As domestic production continues to roar back, the U.S. is importing light crude at an increasingly stronger pace. After light crude imports dipped to around 1 million barrels per day in early 2015 – as U.S. production peaked at 9.6mn bpd – imports have rebounded steadily since, while production waned through the latter half of 2015 and the first half of 2016.
But production has now turned around, and is now closing in on the highs it made in early 2015. Nonetheless, light crude imports continue to increase to U.S. shores. In fact, last month they clambered back above 2mn bpd for the first time since 2013:
Light imports in May have been robust into all three coastal PADDs – the West, Gulf and Atlantic Coasts. On the aggregate, imports have jumped by a third on the prior month, led by a near 300,000 bpd increase into the US Gulf Coast. This strength is attributable to a ramp up in arrivals of Middle East light grades, and particularly of Arab Light and Basrah Light:
Another key driving force behind rising light crude imports last month has been receipts of North and West African crude, and particularly into the Atlantic Coast.
Imports from the two regions breached the 400,000 bpd mark in May, with North African deliveries of Libyan and Algerian crude accounting for 130,000 bpd. Nigerian grades accounted for the lion’s share of West African barrels, with light sweet Agbami accounting for nearly a half of the Nigerian volume:
The increase of flows into the U.S. has been driven by a surging supply side of the picture, as opposed to rampant demand for it. Rising volumes of light crude in the Atlantic Basin is pressuring regional pricing lower. This has encouraged bargain basement prices for this crude – at a level that U.S. refiners cannot refuse, despite rising domestic production.

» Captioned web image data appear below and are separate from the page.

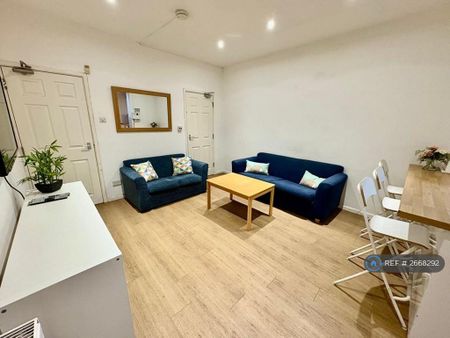 5 bedroom terraced house to rent - Photo 2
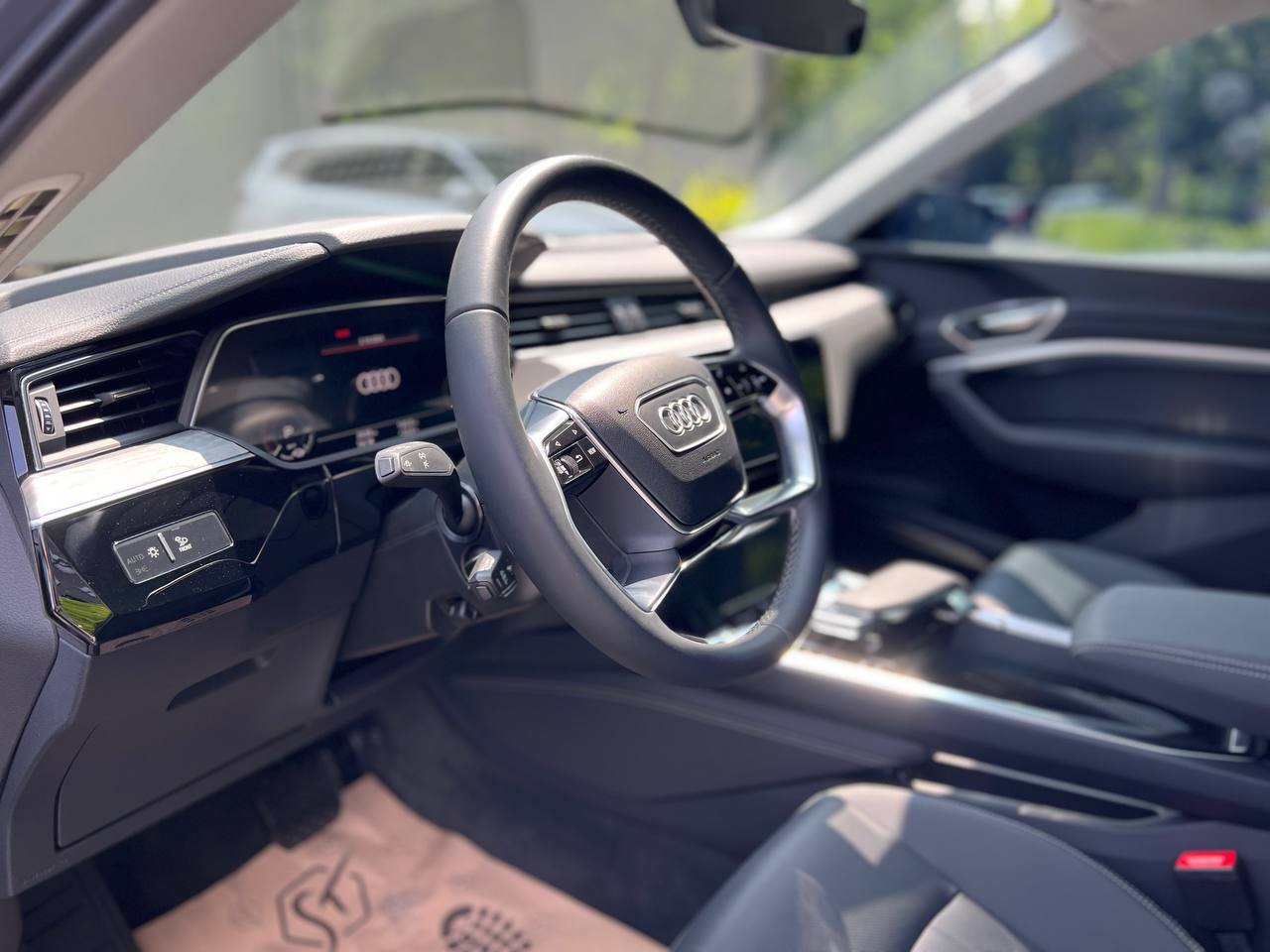 Audi Q8 e-tron - фото 13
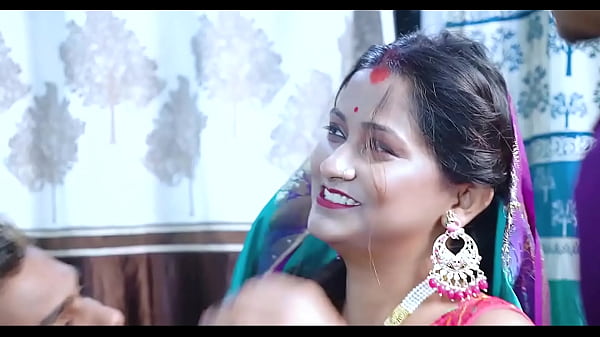 Bhabhi India Menggoda, Bercinta Lembut Dengan Suami Sambil Masih Berpakaian Sari – Suara Erotis Bahasa Hindi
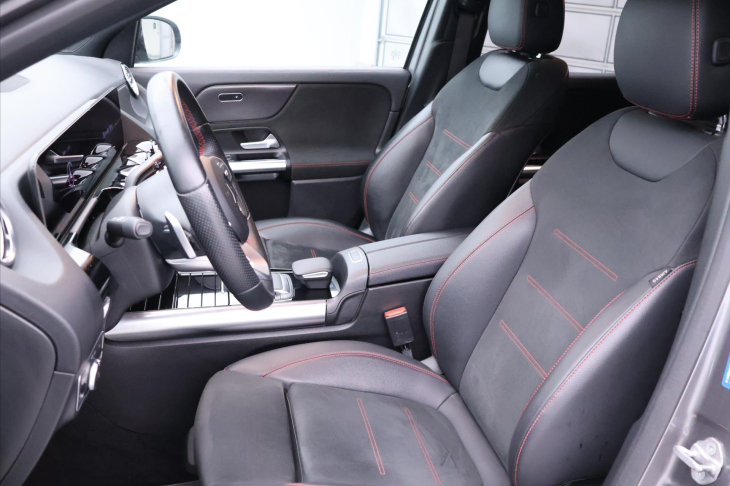 Mercedes-Benz GLA 2,0 220d 140kW 4Matic CZ LED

This recent higher availability of light crude comes amid rising total export loadings from North Africa and Northwest Europe, as well as returning flows from West Africa. Rising Libyan, Algerian and Egyptian exports have boosted North Africa flows, while mostly U.K. North Sea barrels have boosted Northwest European flows.

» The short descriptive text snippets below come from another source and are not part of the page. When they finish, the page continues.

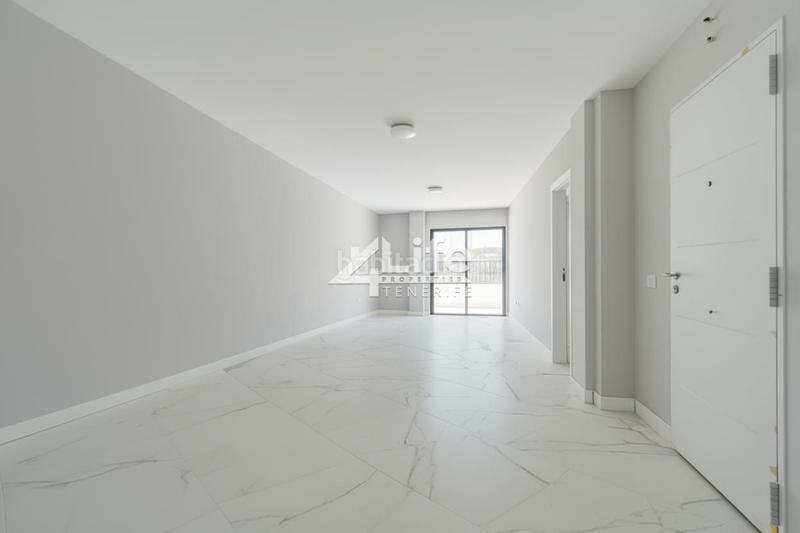 Foto fca30118-39ab-4f97-af13-ce9a10be389c. Planta baixa amb aparcament a San Isidro Granadilla de Abona Foto fca30118-39ab-4f97-af13-ce9a10be389c. Planta baixa amb aparcament a San Isidro Granadilla de Abona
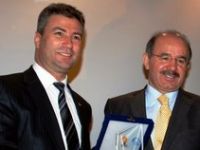 Bakan Çelik İzmirde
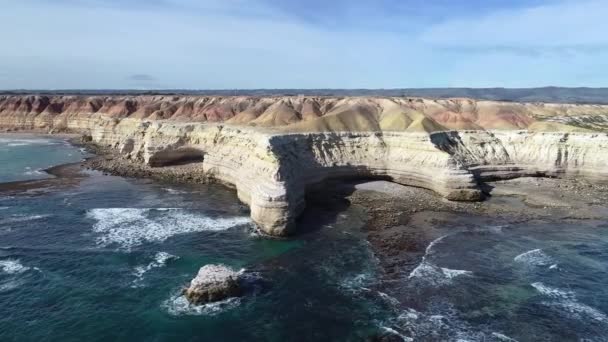 Glidande Drönare Skott Stenig Kustlinje Port Willunga Adelaide South Australia — Stockvideo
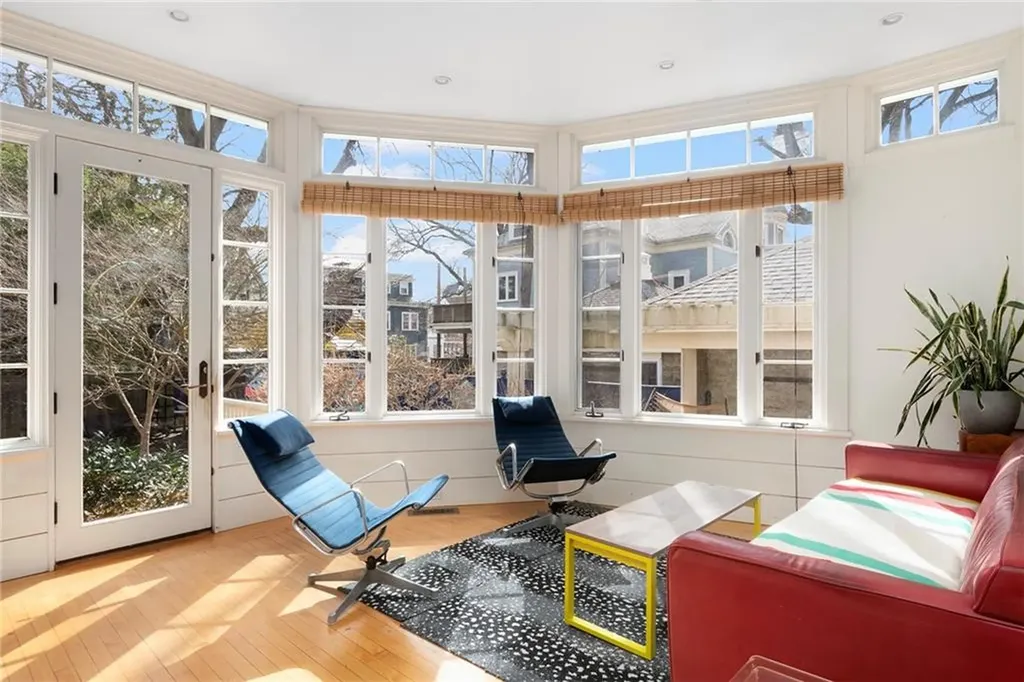 251 Olney Street Providence RI 02906
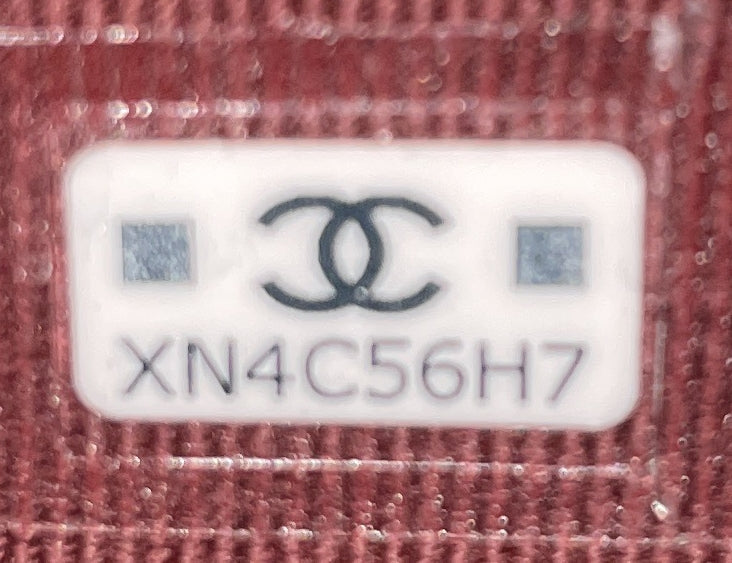 Wallet on Chain Quilted Caviar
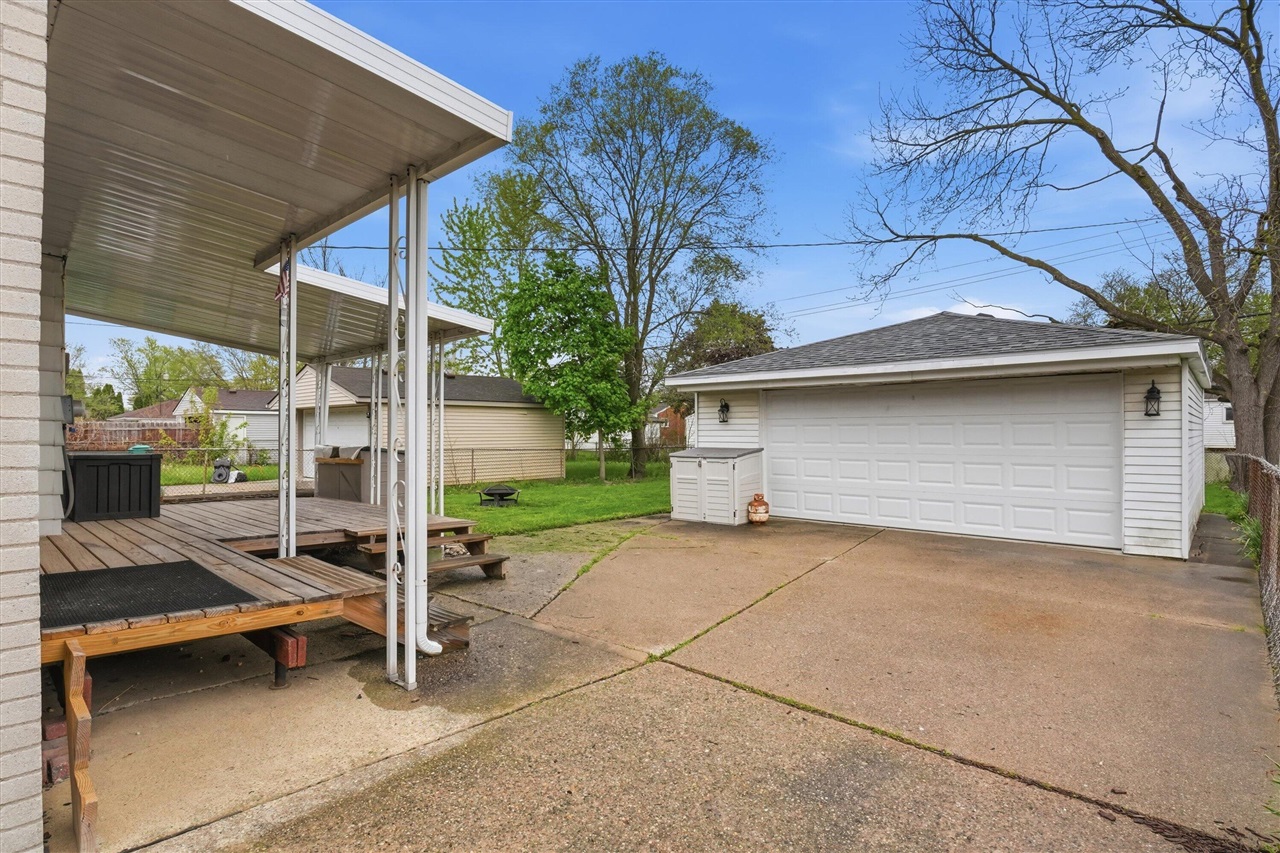 28467 Florence Street, Garden City, MI, 48135-2738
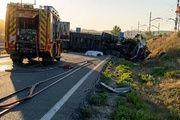  Vuelco de un camión en la vía de servicio de la A-6 en Las Rozas |112CMADRID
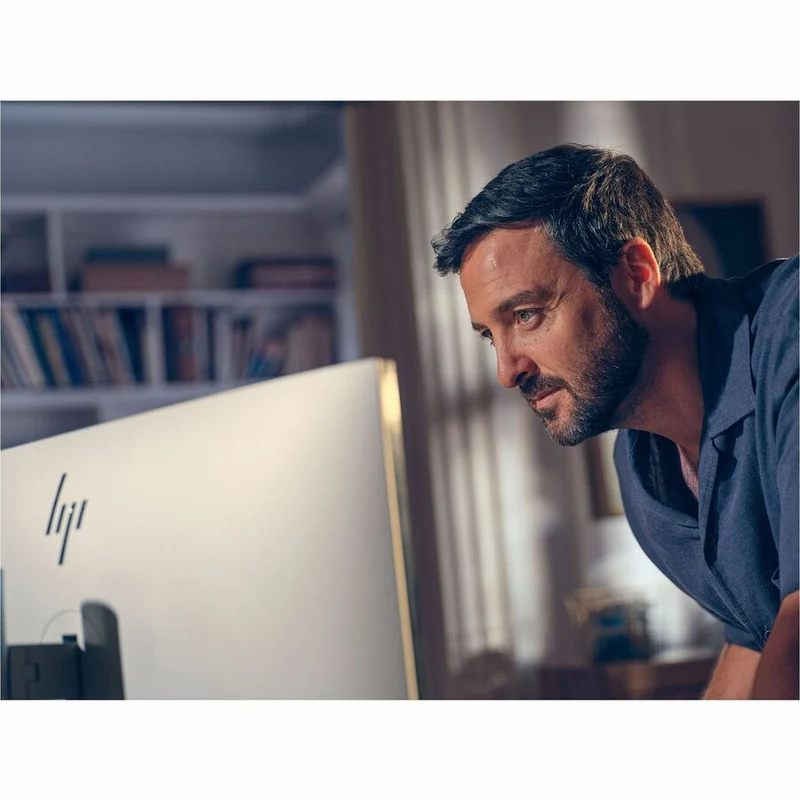 Ordinateur tout-en-un HP EliteStudio 8 AiO G1i - Intel Core Ultra 5 235 - Technologie vPro - 16 Go - SSD 512 Go - Écran tactile QHD 27" - Bureau - Argent Pike C7GL2UT#ABC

All the while, West African exports (well, Nigerian exports) have struggled through the last year and a half amid geopolitical tension, but are finally back on par with early 2016 levels, also providing a boost to Atlantic Basin barrels.
With a third of June already through, Middle East deliveries of light crude are showing a material pullback. Nonetheless, North African, West African and NWE light crude deliveries are looking as strong as an ox.